» **Exercise details**:
Please, without any pictures, set down exactly the part of the listing below that opens with the line containing "Black Washed Refined Top" and closes with the line containing "Doğal taş yuvarlak".

» **Study material**:
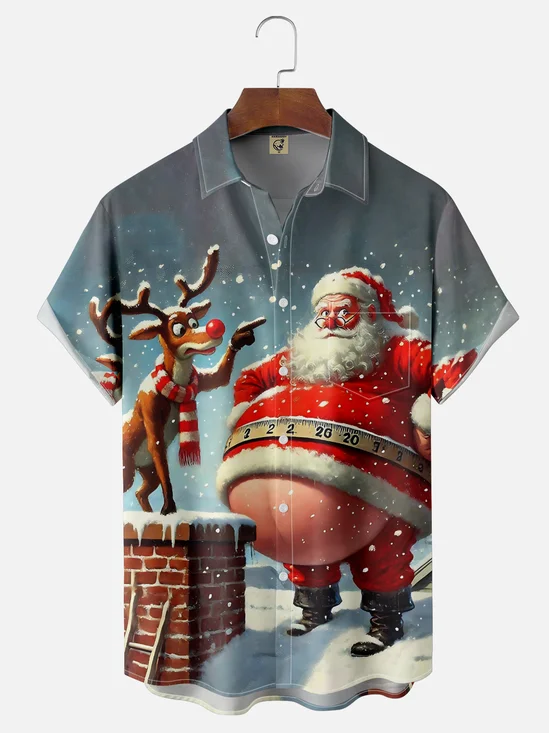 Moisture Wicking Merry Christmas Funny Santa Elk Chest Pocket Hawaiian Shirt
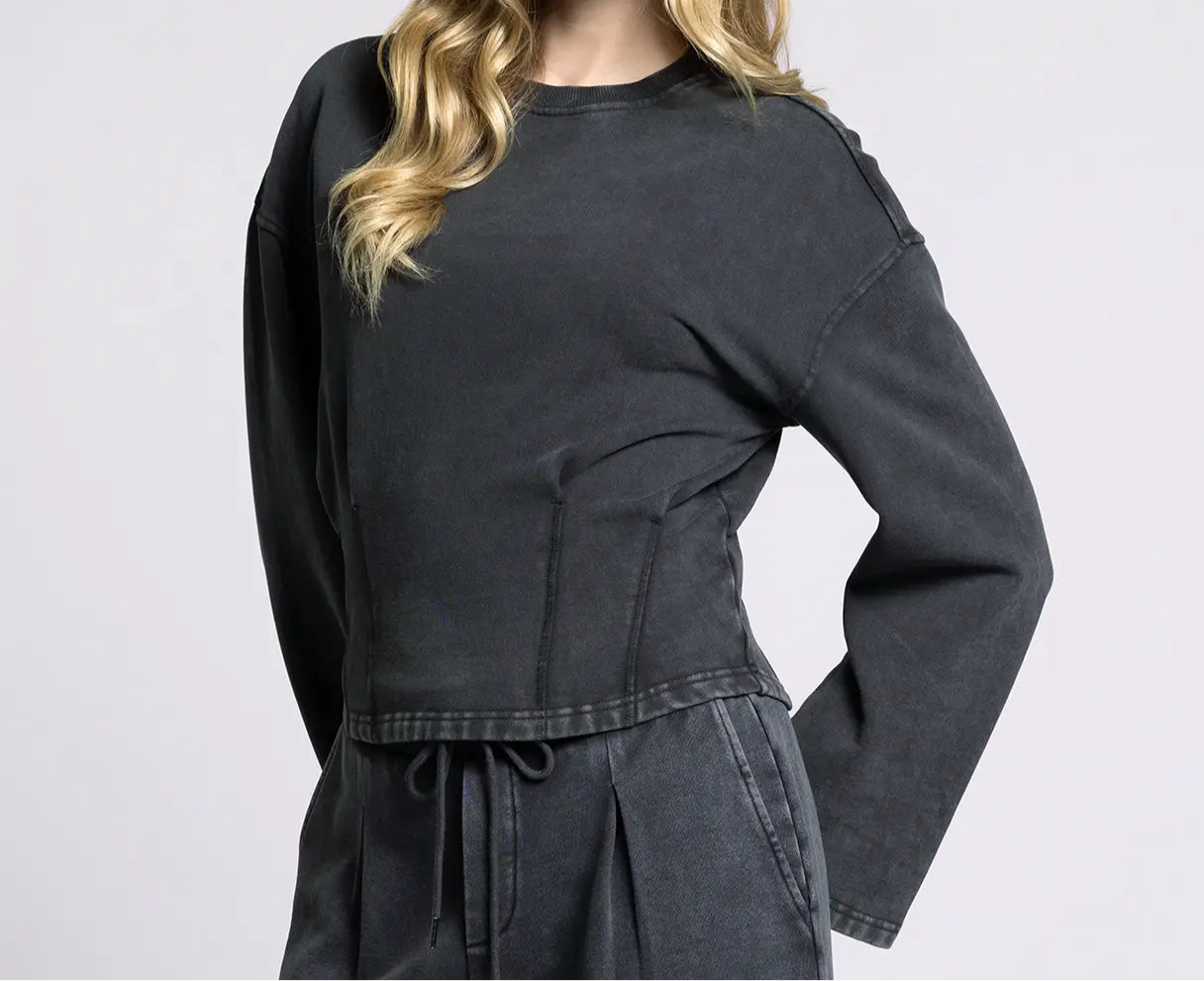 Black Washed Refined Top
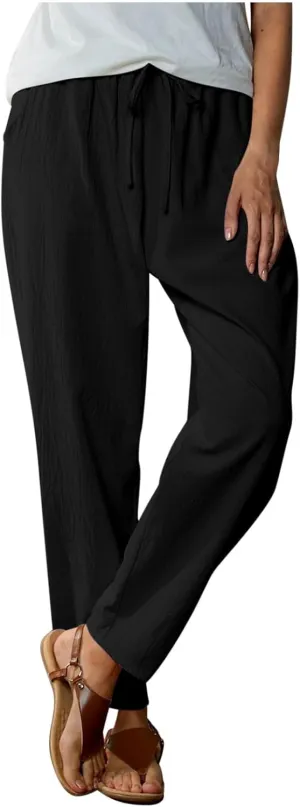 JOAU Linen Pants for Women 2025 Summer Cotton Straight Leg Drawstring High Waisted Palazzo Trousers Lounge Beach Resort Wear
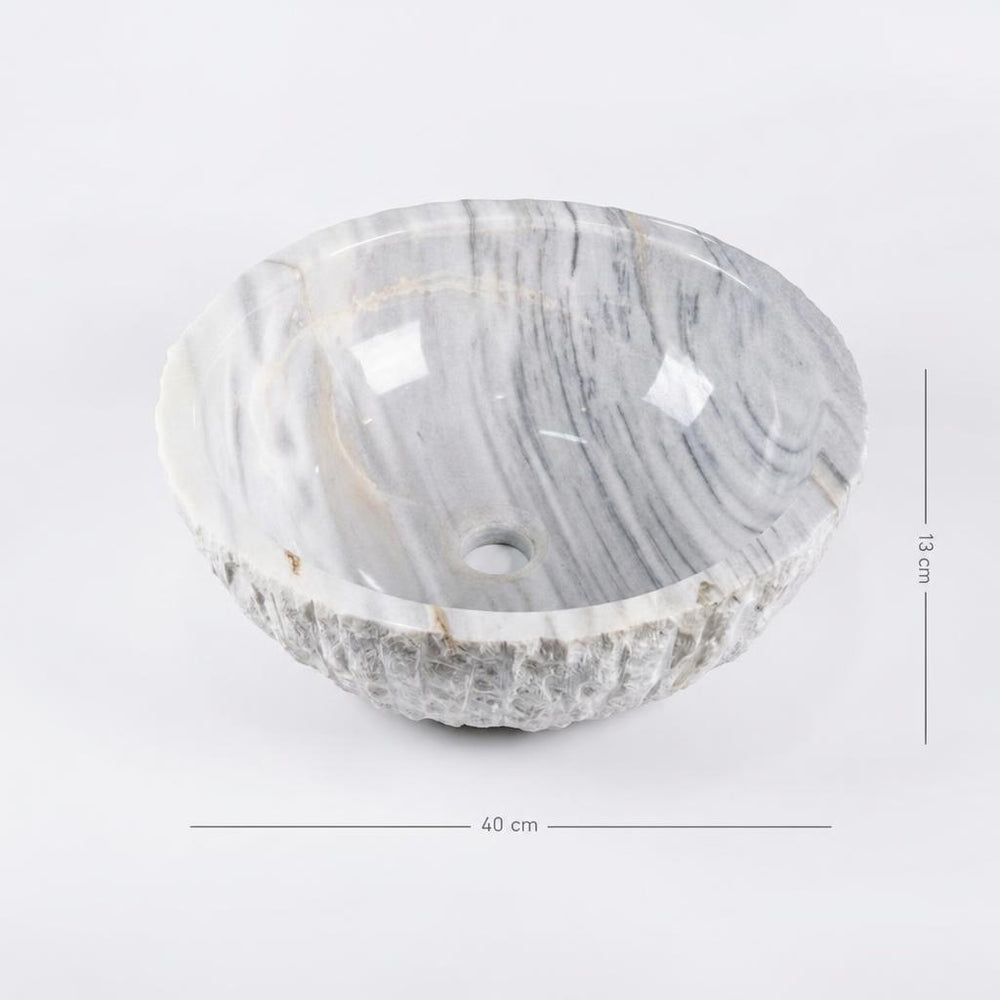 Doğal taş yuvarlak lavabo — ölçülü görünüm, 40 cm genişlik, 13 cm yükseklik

---

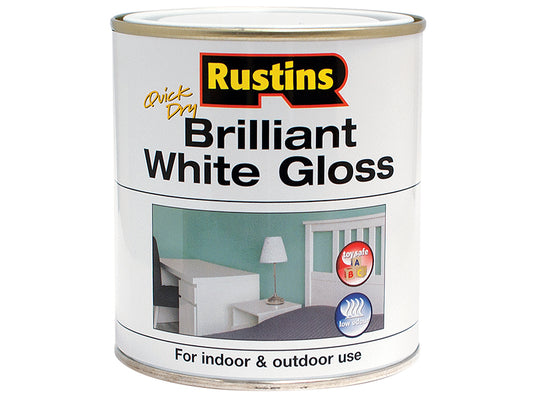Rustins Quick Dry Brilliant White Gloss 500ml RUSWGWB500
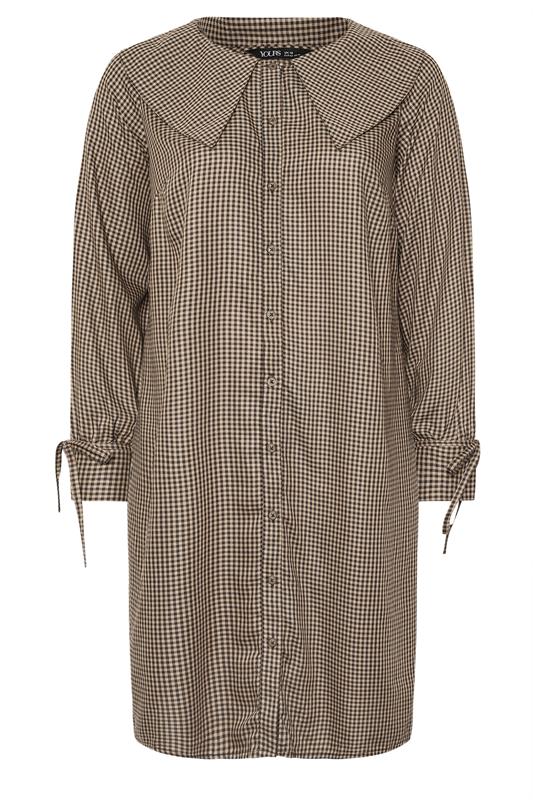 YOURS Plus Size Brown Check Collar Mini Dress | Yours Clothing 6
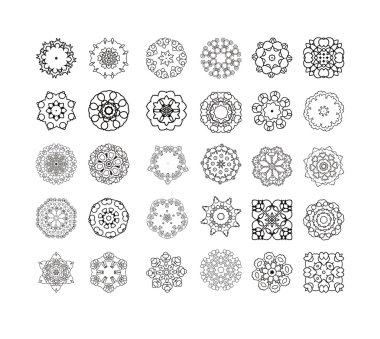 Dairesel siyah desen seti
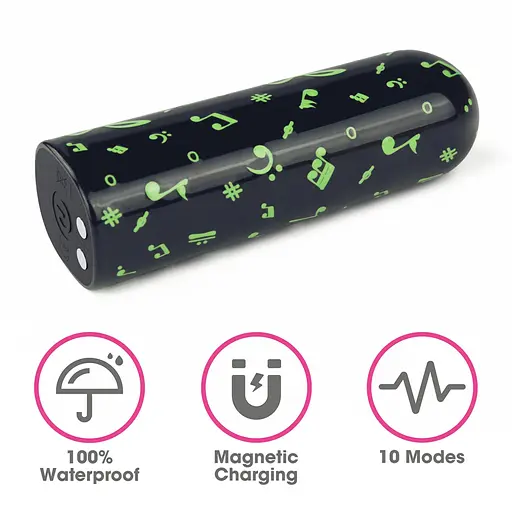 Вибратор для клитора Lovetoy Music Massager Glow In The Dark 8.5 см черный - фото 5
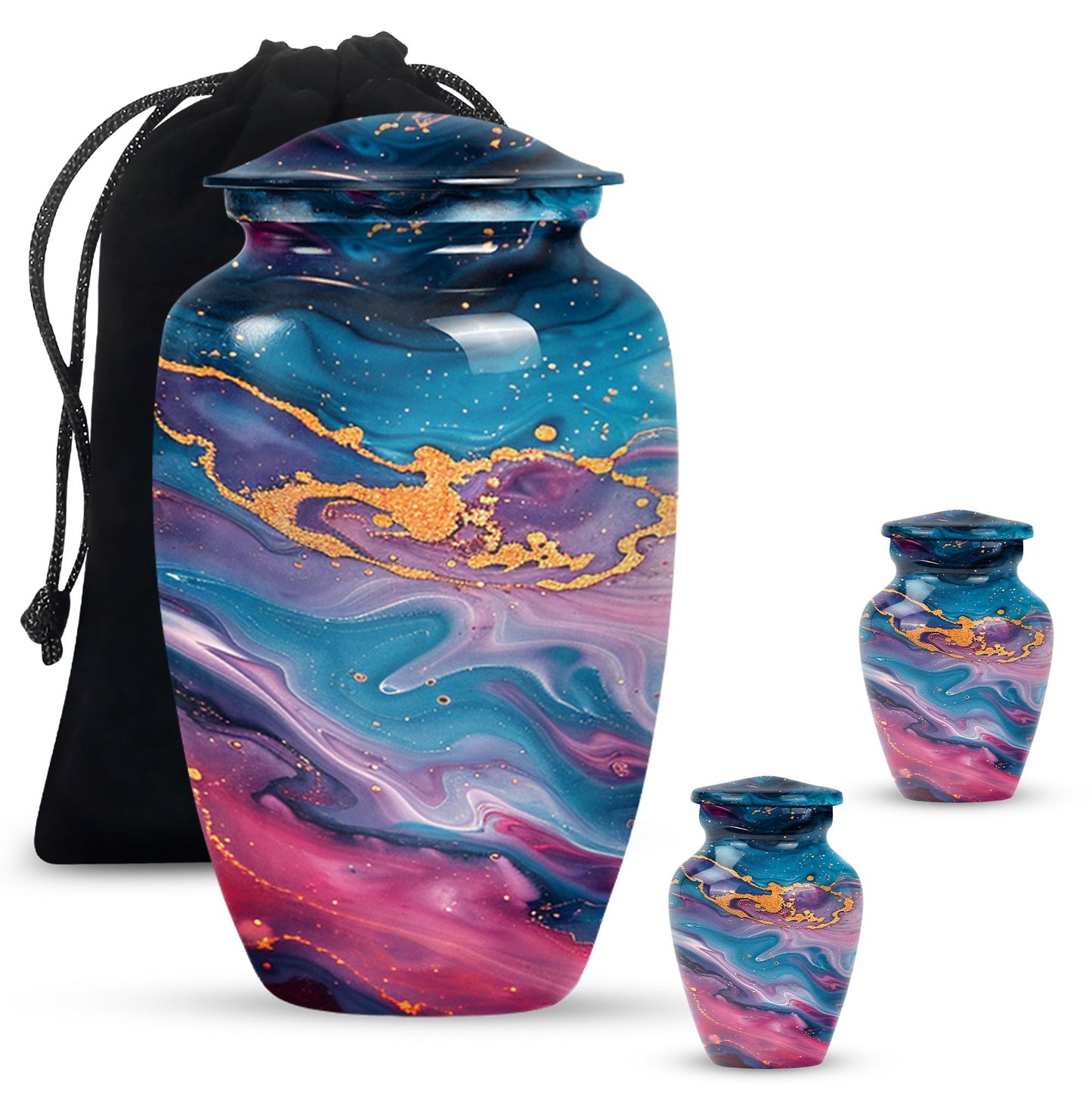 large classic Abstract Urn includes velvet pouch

...

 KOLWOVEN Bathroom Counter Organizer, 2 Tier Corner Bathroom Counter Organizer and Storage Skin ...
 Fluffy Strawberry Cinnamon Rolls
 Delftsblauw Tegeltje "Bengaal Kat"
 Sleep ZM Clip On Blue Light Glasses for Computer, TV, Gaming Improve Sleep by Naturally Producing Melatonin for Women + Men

» **Output**:
 Black Washed Refined Top
 JOAU Linen Pants for Women 2025 Summer Cotton Straight Leg Drawstring High Waisted Palazzo Trousers Lounge Beach Resort Wear
 Doğal taş yuvarlak lavabo — ölçülü görünüm, 40 cm genişlik, 13 cm yükseklik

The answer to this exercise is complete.